A 13-year-old girl is not a "woman." She's a girl. A kid. More importantly, according to society she's a minor who is unable to make any life-changing decisions on her own without parental (or guardian) consent, including obtaining prescription medication, driving a car, going to the doctor, going to the dentist, buying alcohol, buying cigarettes, deciding whether or not to have surgery, deciding whether to be a Mormon, Muslim, or Catholic, etc., etc. I don't see a decision regarding what should be prescription medication for an abortion pill or a medical decision to have an abortion as any different.
You seem to operate under the misconception that minors have no rights. That is not correct. I agree that parents should be making decisions for their children, but children aren't slaves and have rights, which even parents can't infringe.
Do you genuinely believe that a parent should be allowed to
force a kid (as you so aptly put it) to carry a child to term and go through labor? Then what? Do you then believe that a parent should be allowed to force this
kid (again, your words) to, for example, breastfeed the infant?

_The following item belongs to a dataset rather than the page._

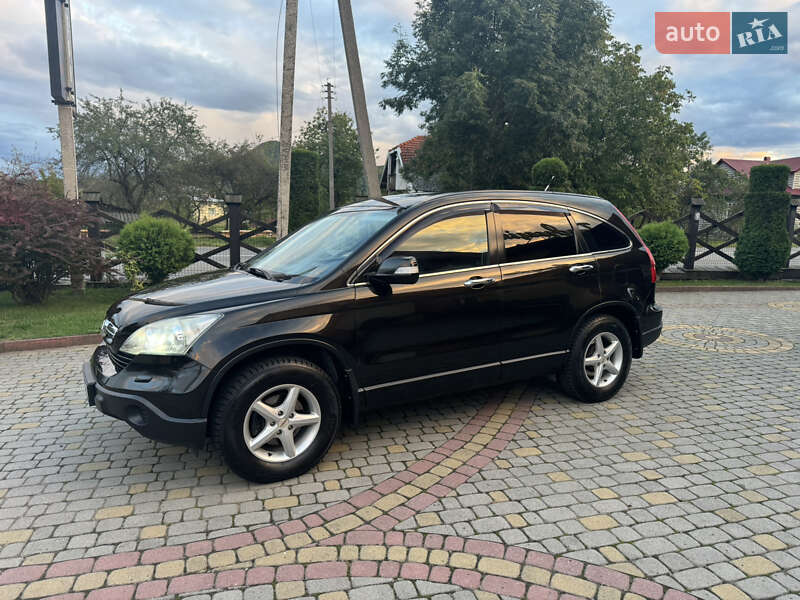Внедорожник / Кроссовер Honda CR-V 2008 в Косове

A better question still, since the 13-year old is now a parent herself, do you believe that she - and she alone - can choose to put the baby up for adoption or to keep and raise it herself? Or do you believe that her parents get to preempt her parental authority and exercise it on her behalf since she's still a minor?

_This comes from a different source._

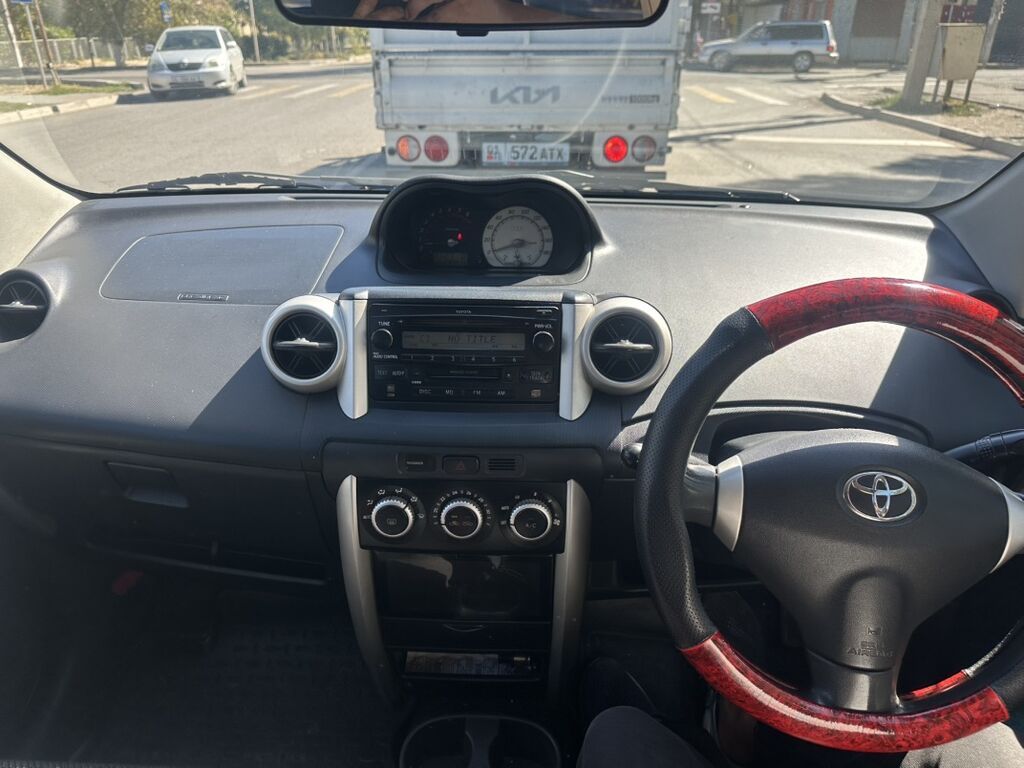 Toyota Ist: 2003 г., 1.3 л, Автомат, Бензин, Хэтчбэк: фото 5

Your position - like all absolutists who see things as black and white - is untenable and crumbles away when exposed to a reality that is all shades of gray.
I'm in favor of the broader principle as it applies to all legal decisions regarding the minor child, which of course would include abortion.
In other words you believe that once the parents force their thirteen year old to carry a pregnancy to term, they can their make decisions for the infant as well, preempting the actual parent's right to make legal decisions regarding her minor child.
It simply defies common sense to start drawing arbitrary lines for kids and allow them to make adult decisions in situations like this. What's outrageous too is it may help cover up a crime. A 13-year-old girl cannot consent to sex, so any 13-year-old girl who is pregnant is a victim. Her parents should know. Law enforcement should know.
You raise the point that it would be a crime, and you are right. This is, perhaps, your strongest argument. But let's see how it works in a few corner cases, shall we? Let's assume we are in a State where the age of consent is 15, and the girl in question is 16. Now what?